What you have to do: Could you print, exactly and without pictures, only the lines from the one with "音乐剪辑 v4.2.3" through the end of the records below?

Data extracts:
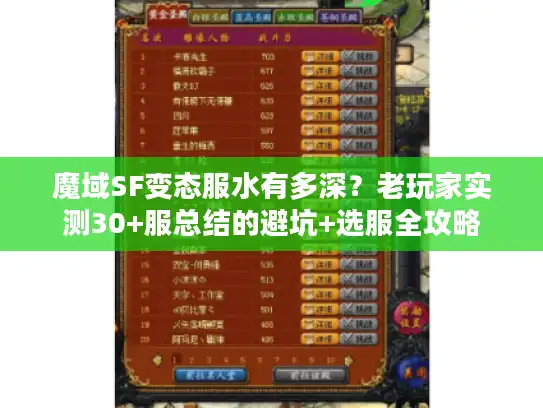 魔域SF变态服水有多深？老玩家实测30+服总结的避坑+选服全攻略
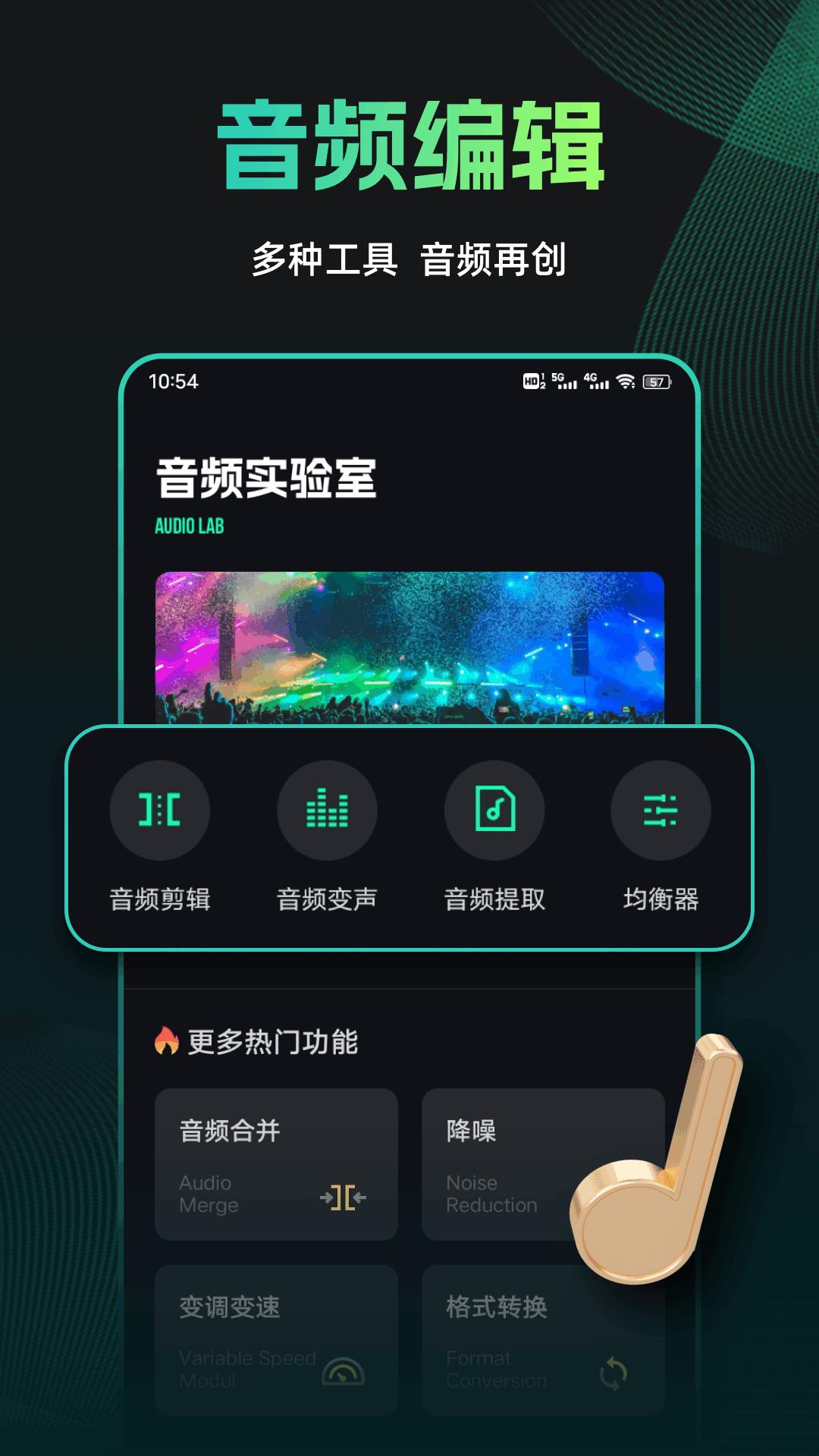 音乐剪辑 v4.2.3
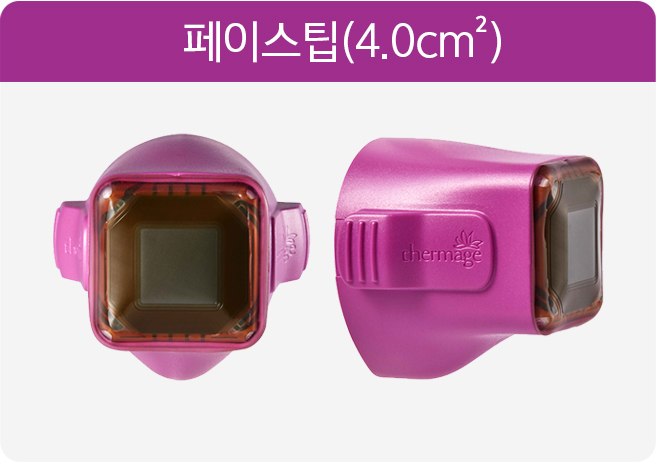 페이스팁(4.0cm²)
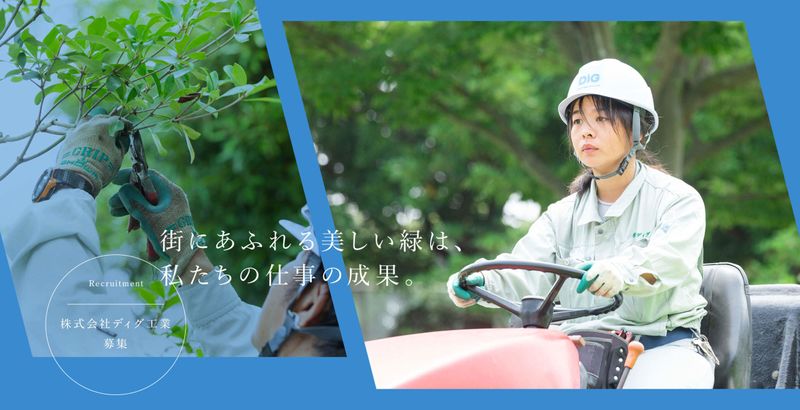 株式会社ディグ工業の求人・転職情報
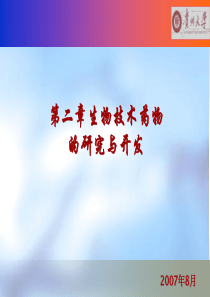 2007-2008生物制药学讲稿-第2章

Response for this exercise:
 音乐剪辑 v4.2.3
 페이스팁(4.0cm²)
 株式会社ディグ工業の求人・転職情報
 2007-2008生物制药学讲稿-第2章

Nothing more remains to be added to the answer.